Lets check to see if our graph looks as expected. Since we have two sites per unit cell, we should have $4 \times 4 \times 2 = 32$ sites. The coordination number of a hexagonal lattice is 3, so we should have $\frac{32 \times 3}{2} = 48$ edges. Finally we have p6m symmetry, which should give ue $4 \times 4 \times 12 = 192$ symmetry operations.

In [3]:
#Use Netket to find symmetries of the graph
symmetries = graph.automorphisms()

#Check that graph info is correct
print(graph.n_nodes)
print(graph.n_edges)
print(len(symmetries))

32
48
192


Everything looks good! Now we use this graph to define our Hilbert space and Hamiltonian:

In [4]:
# Define the Hilbert space
hi = nk.hilbert.Spin(s=1 / 2, N=graph.n_nodes, total_sz = 0)

#Define the Hamiltonian
ha = nk.operator.Heisenberg(hilbert=hi, graph=graph, sign_rule=True)

Since the Hexagonal lattice is bipartite, we know the phases obey a Marhall-Perels sign rule. Therefore, we can use a real valued NN and just learn the amplitudes of the wavefunction. Furthermore, we know the ground state has total spin 0.

# Defining the GCNN

We can define a GCNN with an arbitrary number of layers and specify the feature dimension of each layer accordingly:

In [5]:
#Feature dimensions of hidden layers, from first to last
feature_dims = [8,8,8,8]

#Number of layers
num_layers = 4

#Define the GCNN 
ma = nk.models.GCNN(symmetries = symmetries, layers = num_layers, features = feature_dims)

This a G-CNN with four layers, where each hidden layer contains a feature vector of length 8 for each element in p6m. This means that each hidden state has $8 \times 192 = 768$ nodes. That's a huge model.
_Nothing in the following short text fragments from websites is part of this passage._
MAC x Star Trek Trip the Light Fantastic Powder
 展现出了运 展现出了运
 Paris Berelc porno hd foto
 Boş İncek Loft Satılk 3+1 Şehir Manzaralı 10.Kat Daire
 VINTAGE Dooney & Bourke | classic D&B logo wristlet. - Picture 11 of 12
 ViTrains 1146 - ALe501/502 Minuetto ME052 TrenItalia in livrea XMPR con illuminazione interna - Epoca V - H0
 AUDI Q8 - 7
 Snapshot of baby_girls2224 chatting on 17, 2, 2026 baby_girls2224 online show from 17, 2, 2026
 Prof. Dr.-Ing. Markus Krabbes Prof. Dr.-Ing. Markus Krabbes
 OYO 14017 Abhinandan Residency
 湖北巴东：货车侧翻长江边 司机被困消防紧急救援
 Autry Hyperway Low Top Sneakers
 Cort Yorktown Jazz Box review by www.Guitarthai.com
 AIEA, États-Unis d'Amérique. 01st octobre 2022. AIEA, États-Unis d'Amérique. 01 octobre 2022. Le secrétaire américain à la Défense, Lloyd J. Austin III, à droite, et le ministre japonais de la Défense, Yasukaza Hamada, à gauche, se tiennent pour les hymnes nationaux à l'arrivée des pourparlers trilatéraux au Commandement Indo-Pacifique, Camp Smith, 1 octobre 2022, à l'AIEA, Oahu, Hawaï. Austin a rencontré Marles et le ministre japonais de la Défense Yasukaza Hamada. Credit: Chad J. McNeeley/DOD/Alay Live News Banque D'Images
But since we're not symmetry-averaging, we only need to compute one wavefunction for each ${\bf \sigma}. By default GCNN uses a SELU non-linearity, which moves the activations in the direction of zero mean and unit variance.  

# Variational Monte Carlo

In order to perform VMC we need to define a sampler and an optimizer. We sample using Metropolis-Hastings, where our proposals flip two spins. This keeps the total spin at zero. We optimize uzing stochaistic reconfiguration, which uses curvature information to find the best direction of descent.

In [6]:
#Metropois-Hastings with two spins flipped that are at most second nearest neighbors 
sa = nk.sampler.MetropolisExchange(hilbert = hi, graph=graph, d_max=2)

#Stochaistic reconfiguration   
op = nk.optimizer.Sgd(learning_rate=1e-2)
sr = nk.optimizer.SR(diag_shift=0.01)

#Define a variational state so we can keep the parameters if we like
vstate = nk.variational.MCState(sampler=sa, model=ma, n_samples=100)

#Define a driver that performs VMC
gs = nk.driver.VMC(ha, op, sr=sr, variational_state=vstate)

Lets start by running for 100 minibatches. If you're on a CPU this will take ~40 seconds per iteration, on a GPU it will take 1 second per iteration. GPUs are fast! 

In [None]:
#Run the optimization
gs.run(n_iter=100, out=None)

This should get us within a percent of the ground state energy. Two minutes ago I knew nothing about the hexagonal lattice. Now I have access to an accurate ground state wavefunction! For fine tuning we can run with a larger batch size. We can access the batch size via the variational state  

In [None]:
#Change batch size
vstate.n_samples = 1000

#Driver uses new batch size
gs = nk.driver.VMC(ha, op, sr=sr, variational_state=vstate)

#Run for 100 more iterations
gs.run(n_iter = 100,out = None)

This takes about 16 seconds per iteration on the GPU. You will notice that the variance continues to get smaller, giving evidence that we are approaching an eigenstate. After 100 epochs you should have a $E \approx -70.6$ and $\sigma^2 \approx 1$.   

# Checking with ED

These energies seem correct, but it's always good to do a sanity check. The Hilbert space for a $4 \times 4$ lattice is a bit to large to do ED in a reasonable time, so lets do a slightly smaller lattice. The energy/site should be slighty more negative for the small lattice

In [13]:
#Dimensions for smaller graph
small_dimensions = [3,3]

#Define smaller graph 
small_graph = nk.graph.Lattice(basis_vectors=basis_vectors, 
                         atoms_coord = atom_positions, 
                         extent = small_dimensions
                        )

# redefine Hilbert space and Hamiltonian
small_hi = nk.hilbert.Spin(s=1 / 2, N=small_graph.n_nodes, total_sz = 0)

#Define the Hamiltonian
small_ha = nk.operator.Heisenberg(hilbert=small_hi, graph=small_graph)

#Exact Diagonalization
E_gs = nk.exact.lanczos_ed(small_ha, compute_eigenvectors=False)

Lets compare the energies

In [14]:
print(E_gs[0]/18)
print(-70.6/32)

-2.2438146303344157
-2.20625